First we will take a look at what anger actually is. Then we will explore the reasons why we get angry. We’ll look at why anger is a problem, why and how to manage it and when to seek help if none of the above seems to work for you.
Anger: What is It?
Anger is a human emotion which ranges in intensity from slight irritation to fury and heated rage. Anger is an emotion that brings with it physical changes to your body. When we feel anger, it results in a rise in our heart rate, our blood pressure begins to increase, and our body releases stress hormones. This might result in physical reactions such as shaking, feeling physically hot or heated, sweaty, and it causes a sense of us losing control.
When we feel anger, we tend to act out in angry ways like raising our voice, saying critical or nasty things, swearing, yelling, slamming doors, storming off, throwing things, or more subtle behaviours like withdrawing, ignoring, being silent, and not doing anything.
The thing about anger is that when it’s not properly managed and controlled, it can very often escalate to violence. When we act out in violent or abusive ways (whether physically or psychologically), we are trying to punish the other person to regain that sense of power and control we feel we have lost as a result of experiencing the emotion of anger. We also feel that by punishing someone through our aggression towards them (whether passive aggression or general aggression) we feel we are levelling out the scales of justice for ourselves and defending ourselves from the unfairness we are experiencing from the other person who has caused us this anger experience. Sometimes we might also feel that by expressing our anger to the other person we will be teaching them a lesson so they don’t make the same mistake again.
…So why do we get angry?
Most commonly, anger is directly linked to frustration-we feel frustrated that things aren’t happening in exactly the way we want them to and that people in our lives that we come into contact with on some level whether it be family, work, social or online don’t act in the way we believe they should be.

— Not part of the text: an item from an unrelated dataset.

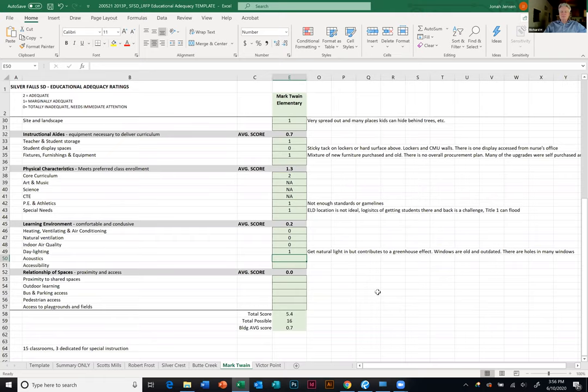Acoustics — noise between classrooms and within classrooms — there are zeros already coming in. It's a zero. Accessibility — directed primarily at limited mobility or wheelchair access — it's a zero. We have one wheelchair lift that requires going in through the gym and it's not a very good lift. Additionally, the ADA access at the front of the building is a gravel path.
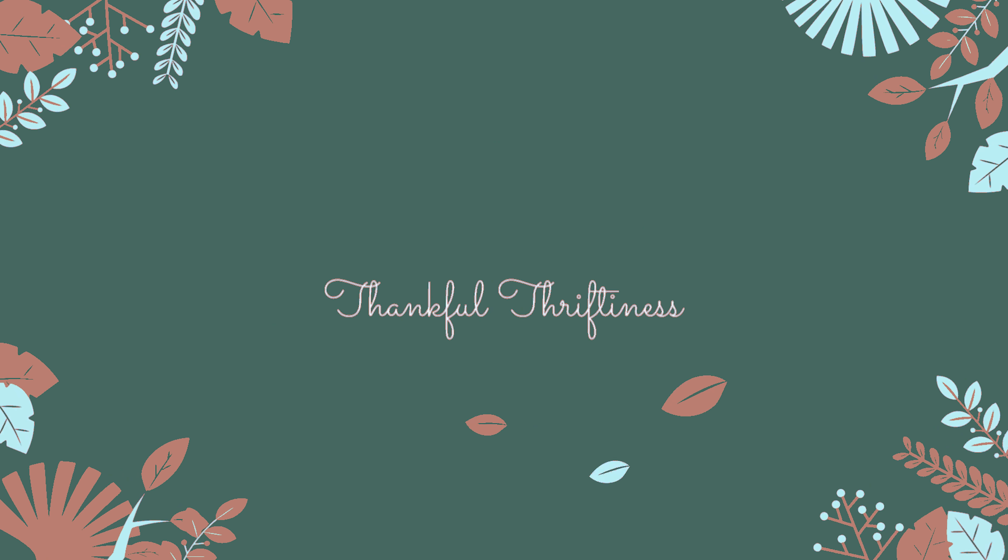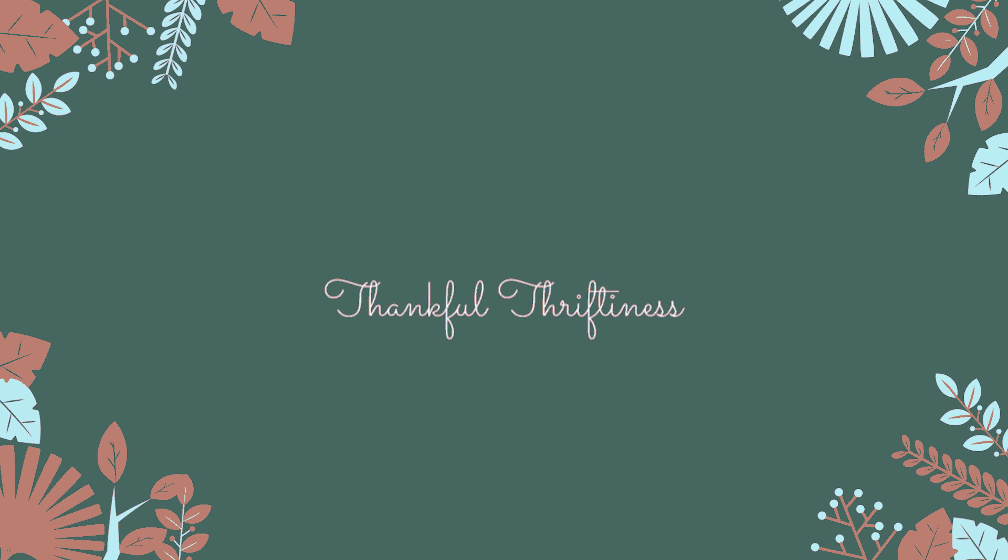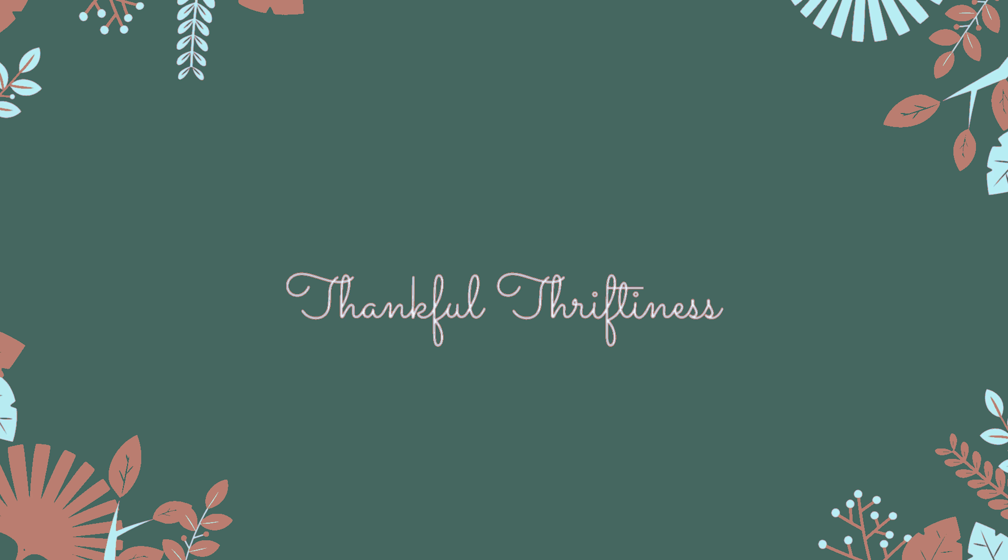Good afternoon ladies and welcome back to Thankful Thriftiness. First of all, let's tackle the elephant in the room. What do y'all think about this lighting? I was actually working on a setup for a wedding tomorrow and while I was in the middle of that I was like, well I'm about to film so I might as well just leave the light up. But this just throws off the white balance in the room and makes my hair look extra frizzy, so let's not do that.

What is important for you to understand here is that anger is almost always attached to other negative feelings, or is a response to negative feelings we are having. You might be feeling emotions like: afraid, sad, ashamed, disappointed, in pain, worried or annoyed, but actually express these emotions as anger.
Anger is also an outcome of interpersonal misunderstandings and poor interpersonal communication.
Sometimes men and women may deal with and express their anger differently. Men may experience anger as a primary emotion because social conditioning has taught us that anger is appropriate for men to express in contexts, while it is quote often more difficult for difficult for men to communicate their emotions that lie beneath their anger, such as feeling sad, hurt, lonely or afraid. Commonly women experience the opposite, and express anger by crying about something that had “upset” or “hurt” them.
When Does Anger Become Problematic?
Anger turns into a problem when it results in problematic interpersonal relationships or situations such as problems with your friendships, at your workplace or school, with your neighbours or general members of the community, your general health and wellbeing, everyday life or with government authorities.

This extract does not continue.